Many of the schools still quite low-performing despite these improvements, but under the conditions of the program, they’re expected to continue to meet their state-set growth goals while they receive the funding.
David Sanchez, the president of the CTA, said that the report is a sign that an approach to school reform based on collaboration and engagement of the community can help improve student outcomes.
“We took a big gamble on trying to come up with this reform idea, what kind of reform is needed to improve student learning, and ensure public schools are doing the best they can,” he said. “The report shows that our schools in QEIA are doing quite well. Some have gone above and beyond the targeted projections for their scores [on the API.]”

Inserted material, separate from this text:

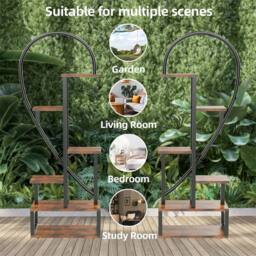 NESTLUNE 6-Tier Tall Wooden Plant Stand Rack in Black - Size: 100 cm x 100 cm - thumbnail 6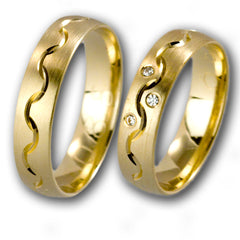 Linden Trauringe / Eheringe Baar mit Drei funkelnde Diamanten - 088/089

According to some researchers, though, the design of the study isn’t enough to prove that the investment of cash is what contributed to the improvements. The way QEIA was implemented, all schools in the lowest two deciles were eligible to participate, but superintendents and school boards got to create the selection criteria. Many, but not all of them, used a lottery system; some did so only after they’d made a priority list. So, in other words, the selection of schools is nonrandom.

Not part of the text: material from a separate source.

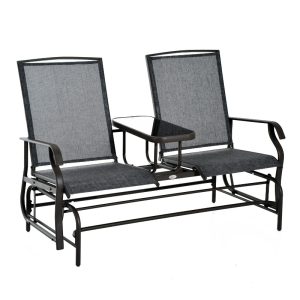 Mecedora de 2 plazas Outsunny estilo silla balancín de jardín con material de metal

What that means is that it’s difficult to determine whether the higher scores in the QEIA schools are attributable to the QEIA reforms or to something else at work in those schools, said David Plank, the executive director of Policy Analysis for California Education, a group of scholars at Stanford University that studies education reforms in the Golden State.
“The problem with QIEA is that the way it was implemented makes it virtually impossible to do a meaningful selection of schools,” Mr. Plank said. “Class-size reduction, collaboration, professional development—those are all good things, but we can’t learn anything meaningful about them because there’s no control [group].”
It’s still early in the QEIA implementation, and one hopes it will be possible to do a more sophisticated analysis as more and more information starts to come in from the schools. Even if the data at this point are merely observational, they’re encouraging.